Seitle disagreed, and said the future was uncertain.

"In a year or two down the road, who knows what the financial situation will look like," he said.

The offer, estimated to be worth $133,000, could have meant the loss of mitigation rights that the port will need for future permitting approvals to anchor the breakwater and build a new dock. Several port officials have said those rights may be worth more to the port than the cost of removing the 84 creosote-soaked pilings at the dock.

The port plans an $8.2 million renovation of the boat harbor; voters will decide on Nov. 4 the fate of a proposed property tax increase that would pay for the project.

The Department of Natural Resources has been removing derelict piers throughout Puget Sound under a state program to improve the marine environment. Several of the projects have fallen through or been put on hold, so Lisa Kaufman, a restoration manager with the agency, asked whether the port would be interested in having the state remove the piers at its expense since it will also be pulling out an old pier in Tulalip Bay, just across Saratoga Passage from Langley.

There are several reasons to take out the dock. The wharf is in the way of the port's proposed new marina, its piers are a potential environmental hazard and some say it's a civic eyesore for Langley residents and visitors.

At first glance, it seemed the port was being given a gift by the agency, one that would save South End taxpayers a lot of money.

The downside in accepting the offer, however, is the potential loss of mitigation rights, port manager Ed Field told commissioners.

To secure required permits, state and federal agencies require project managers to accumulate environmental credits to be used in the future, Field said. If the port pays to remove the Hein dock, those credits are preserved.

Another major roadblock is the Army Corps of Engineers. The Corps of Engineers has said the permits for the harbor expansion must be approved, not just applied for, before the Hein removal project can count toward the port's mitigation package.

"In short, under the current regulations we will not receive any mitigation credit for the Hein dock if it's removed before we have permits in hand for the harbor expansion," said Dave Anderson, the port's financial consultant.

"I have difficulty believing common sense won't prevail with these government agencies," Seitle said.

But Slinden said the marina expansion is the priority, not the piers.

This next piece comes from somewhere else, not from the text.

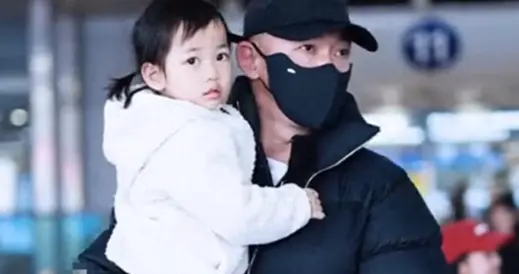 聂远二胎女儿曝光！大眼睛颜值超姐姐，一家人现身机场保姆车接送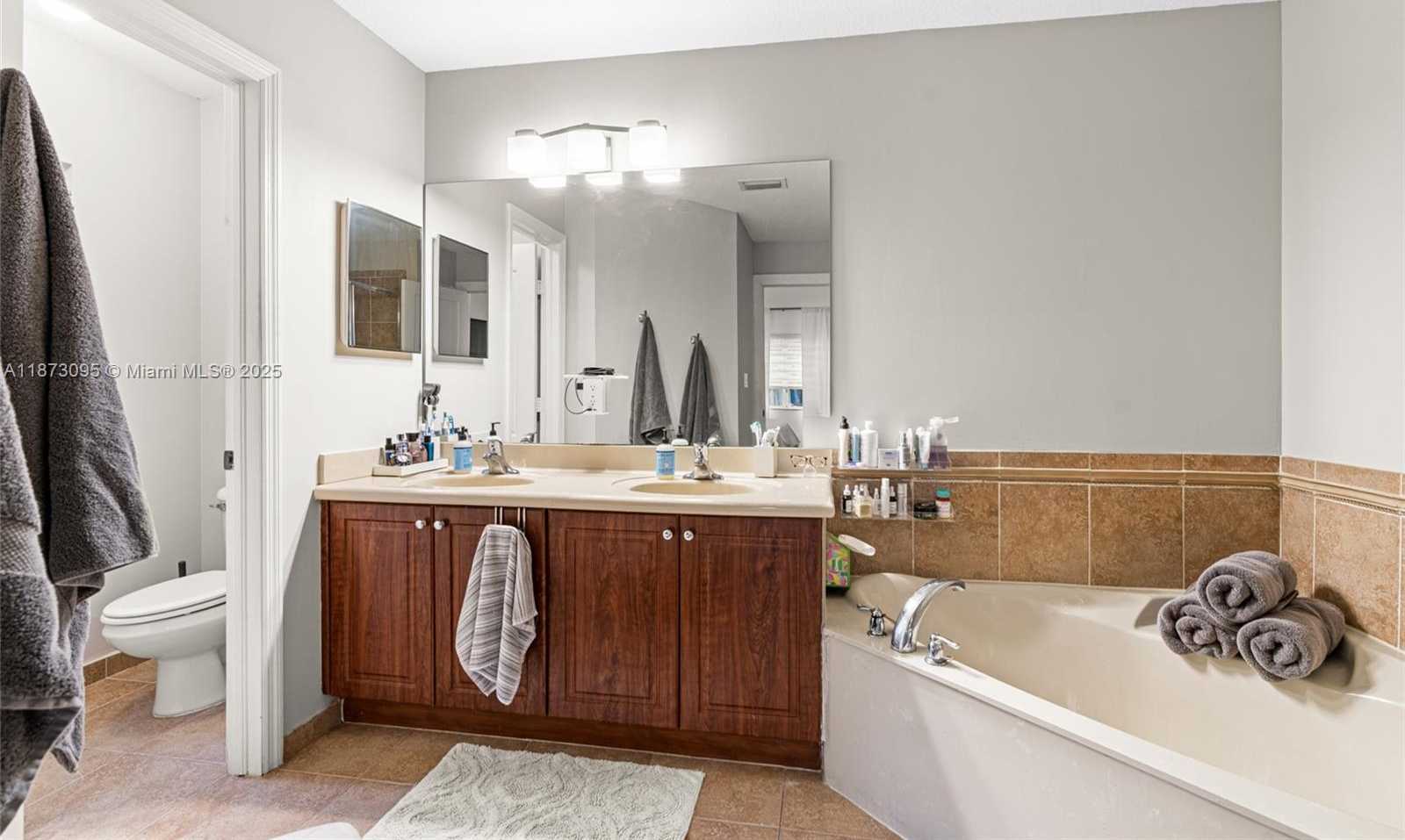 Small Image of 9261 SOUTH WEST 208TH TER, Cutler Bay Number 22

"There will be grant money down the road we can use to remove the dock," she said. "My concern is if we accept the DNR offer, we'll have to look hard for mitigation credits regardless of the November vote."

Port Commissioner Geoff Tapert said he found the timing a concern.

"What bothers me is the soonest we could do anything down there is 18 months," he said. "I really want to see some action taken now. I wish we had the ability to get the work done, but the state and feds are preventing that."

Anderson added that he and Field had discussed the problem with Langley Mayor Paul Samuelson, who is concerned about potential delays.

"We'd rather have the old dock taken out as soon as possible," Samuelson said in a later interview. "But I trust the commissioners' judgment that this decision will work for them in the long run. We want to see the boat harbor project moving forward."

The next port commission meeting is 7:30 p.m. Wednesday, Oct. 8 at the Freeland Library.